Klasik charlotte fikri İngilizlerden ödünç alınmıştır: charlotte, genellikle sıcak olarak servis edilen bir tür pudingdir. Kalıbın tabanı tereyağına veya yumurta karışımına batırılmış ekmekle kaplanır. Ekmeğin üzerine bir kat hazırlanmış elma (şekerle kaynatılmış veya püre haline getirilmiş) yerleştirilir ve üzeri bir kat ıslatılmış ekmekle kapatılır. Birkaç katman oluşturabilirsiniz. Charlotte daha sonra fırında pişirilir ve dondurma, çırpılmış krema veya tatlı soslarla sıcak olarak servis edilir.

Charlotte Rusça içinde

Rus charlotte, 19. yüzyılın başında Londra'da, Alexander I'in hizmetinde olan Fransız şef Marie Antoine Careme tarafından icat edildi. Yemeğin orijinal adı charlotte a la parisienne(Parisli charlotte), daha sonra tatlı adı altında dünya çapında ünlendi. Charlotte russe(Rus charlotte). Rus charlotte'u yapmak için kalıp savoiardi kurabiyeleri veya hazır pandispanya ile kaplanır ve Bavyera kreması ve çırpılmış krema ile doldurulur. Daha sonra tatlı sertleşene kadar soğutulmalıdır.

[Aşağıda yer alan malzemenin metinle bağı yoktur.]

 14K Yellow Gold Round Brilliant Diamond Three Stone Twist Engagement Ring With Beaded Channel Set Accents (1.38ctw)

Stalin döneminde "Batı'ya dalkavukluk"la mücadele kapsamında adı "elmalı babka" olarak değiştirildiğine dair tartışmalı bir iddia var. Ancak 1952 tarihli “Lezzetli ve Sağlıklı Yemekler Kitabı”nda bu tarife charlotte adı veriliyor.

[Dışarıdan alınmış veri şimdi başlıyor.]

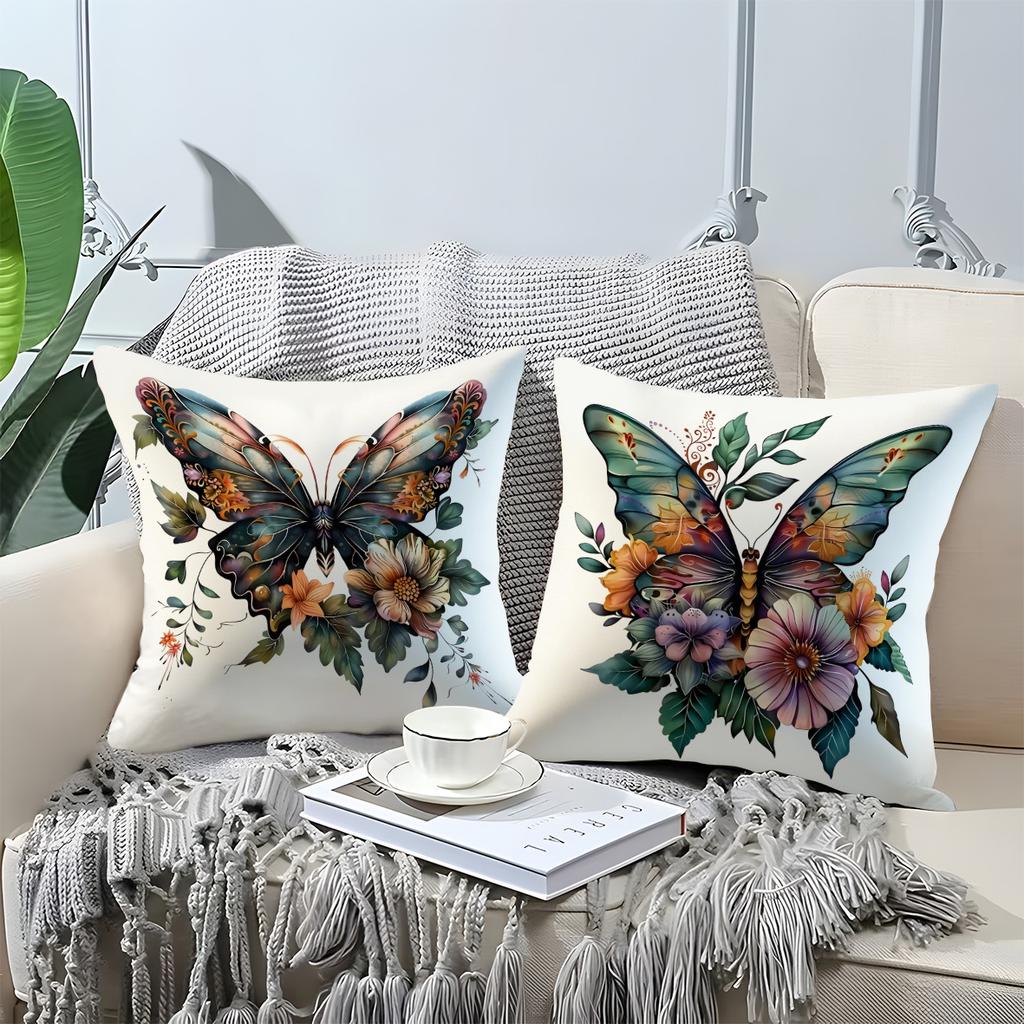 Exquisite butterfly flowers digital printing pillow cover Short plush Suitable living rooms bedrooms sofas throw cushion cover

Şu anda, BDT'de charlotte, doğranmış elmalarla doldurulmuş bir pandispanya olan, hazırlanması kolay bir turtadır: 4 yumurta, 1 su bardağı un ve 1 su bardağı şekeri karıştırın, bir çay kaşığı sirke ve söndürülmüş soda ekleyin. Birkaç doğranmış elma, fırında pişirin.

İsmin etimolojisi

Yemeğin adının kökeninin birkaç versiyonu var. Bunlardan birine göre, bu tarif Büyük Britanya Kralı III.George'un karısı Kraliçe Charlotte tarafından önerildi. Başka bir versiyona göre tatlının adı Eski İngilizceden geliyor. Charlyt, çırpılmış yumurta, şeker ve sütten yapılan bir yemek anlamına geliyor. 15. yüzyılda aynı adı taşıyan bir et yemeği İngiltere'de de popülerdi. İcat ettiği tatlıyı kalbinin hanımı Charlotte'a adayan umutsuzca aşık bir aşçı hakkında romantik bir hikaye vardır.
Başka bir versiyona göre, 19. yüzyılın sonu - 20. yüzyılın başında, Rusya'da bu turtanın artık ekmek ve unlu mamullerden hazırlandığı birçok Alman fırını vardı. Ruslar güldüler ve Almanların eşlerinin para biriktirdiğini ve hatta krakerlerden turtalar yaptığını ve genel olarak eşlerin kendilerine arkalarından Charlottes denildiğini, çünkü bu zaten yaygın bir isim haline gelmiş oldukça popüler bir isim olduğunu söyledi. Rusya'da yaşayan herhangi bir Alman kadın.

Ayrıca bakınız

"Charlotte" makalesi hakkında bir inceleme yazın

Notlar

Kaynaklar

  • Alan Davidson.. - 2. - Oxford: Oxford University Press, 2006. - S. 159. - ISBN 0192806815.
  • Kovalev, N.I. Rus masasının yemekleri: tarih ve isimler. - Lenizdat, 1995. - 317 s. - ISBN 5-289-01718-6.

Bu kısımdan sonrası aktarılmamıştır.